Work instruction
Since only part of the material below is wanted, output exactly the lines from the one with "Imagen general del" up to and including the one with "Allure Vintage White".

Given data
********************

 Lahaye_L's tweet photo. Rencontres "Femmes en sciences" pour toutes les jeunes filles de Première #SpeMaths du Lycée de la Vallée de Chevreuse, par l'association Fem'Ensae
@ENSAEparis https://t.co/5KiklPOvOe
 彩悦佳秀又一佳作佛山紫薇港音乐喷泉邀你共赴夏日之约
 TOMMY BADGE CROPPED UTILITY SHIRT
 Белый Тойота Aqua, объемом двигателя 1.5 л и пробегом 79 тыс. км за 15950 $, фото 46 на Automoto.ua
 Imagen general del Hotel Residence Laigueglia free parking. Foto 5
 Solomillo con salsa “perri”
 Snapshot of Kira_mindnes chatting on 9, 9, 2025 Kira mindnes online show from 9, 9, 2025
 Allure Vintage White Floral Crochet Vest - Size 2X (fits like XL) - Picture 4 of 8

********************

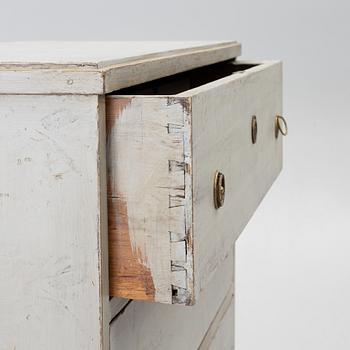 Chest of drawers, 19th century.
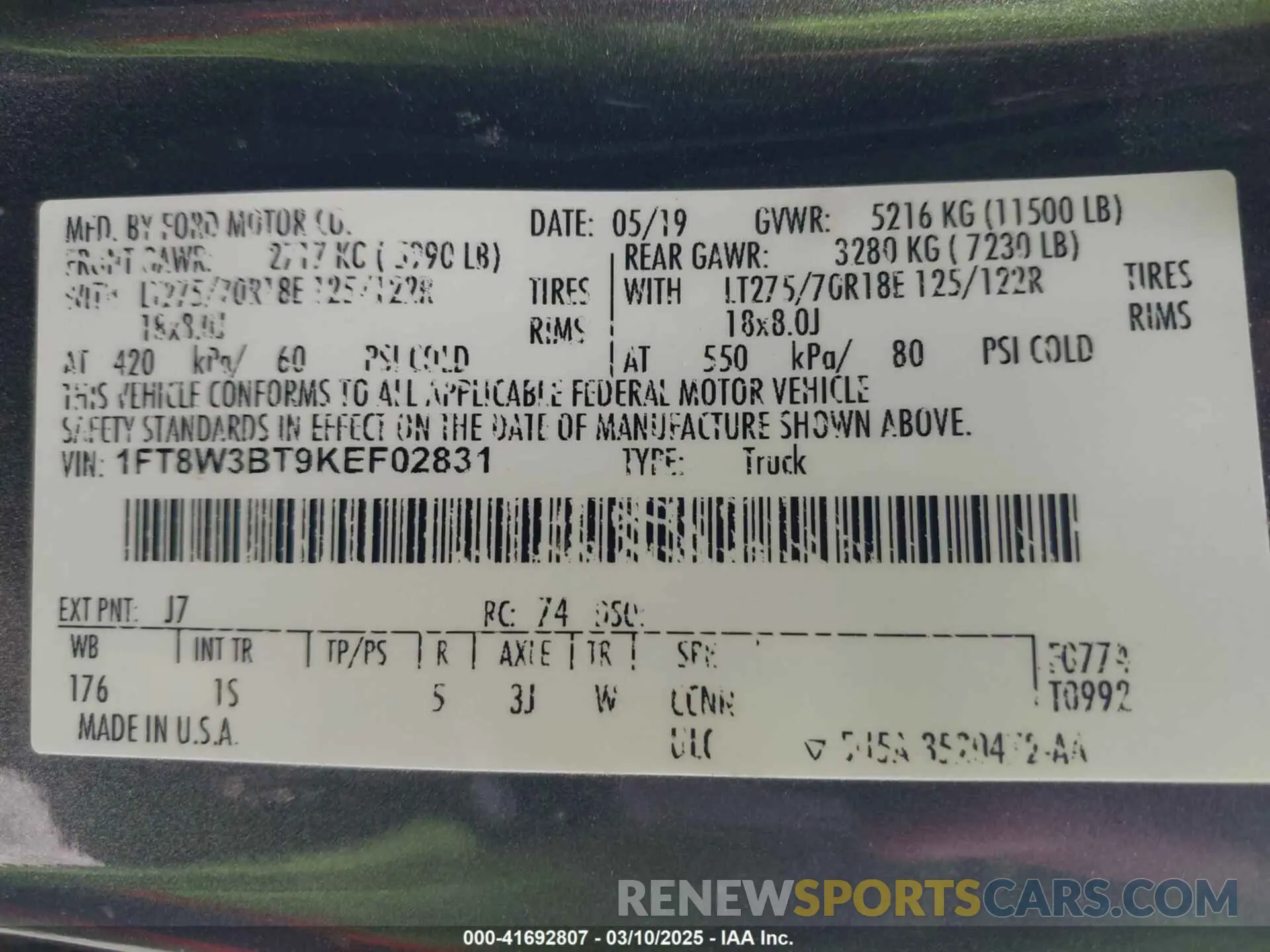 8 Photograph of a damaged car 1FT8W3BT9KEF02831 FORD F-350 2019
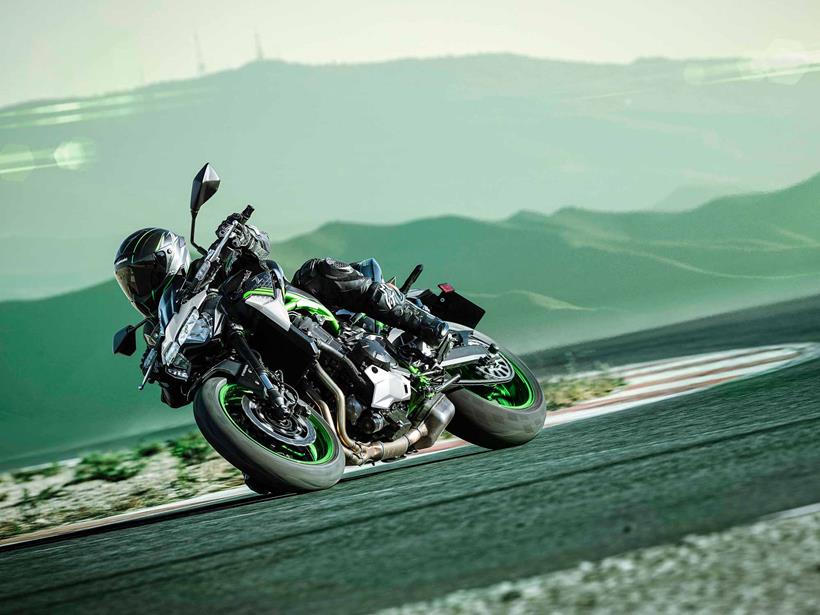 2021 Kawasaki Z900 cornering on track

********************

Task answer
 Imagen general del Hotel Residence Laigueglia free parking. Foto 5
 Solomillo con salsa “perri”
 Snapshot of Kira_mindnes chatting on 9, 9, 2025 Kira mindnes online show from 9, 9, 2025
 Allure Vintage White Floral Crochet Vest - Size 2X (fits like XL) - Picture 4 of 8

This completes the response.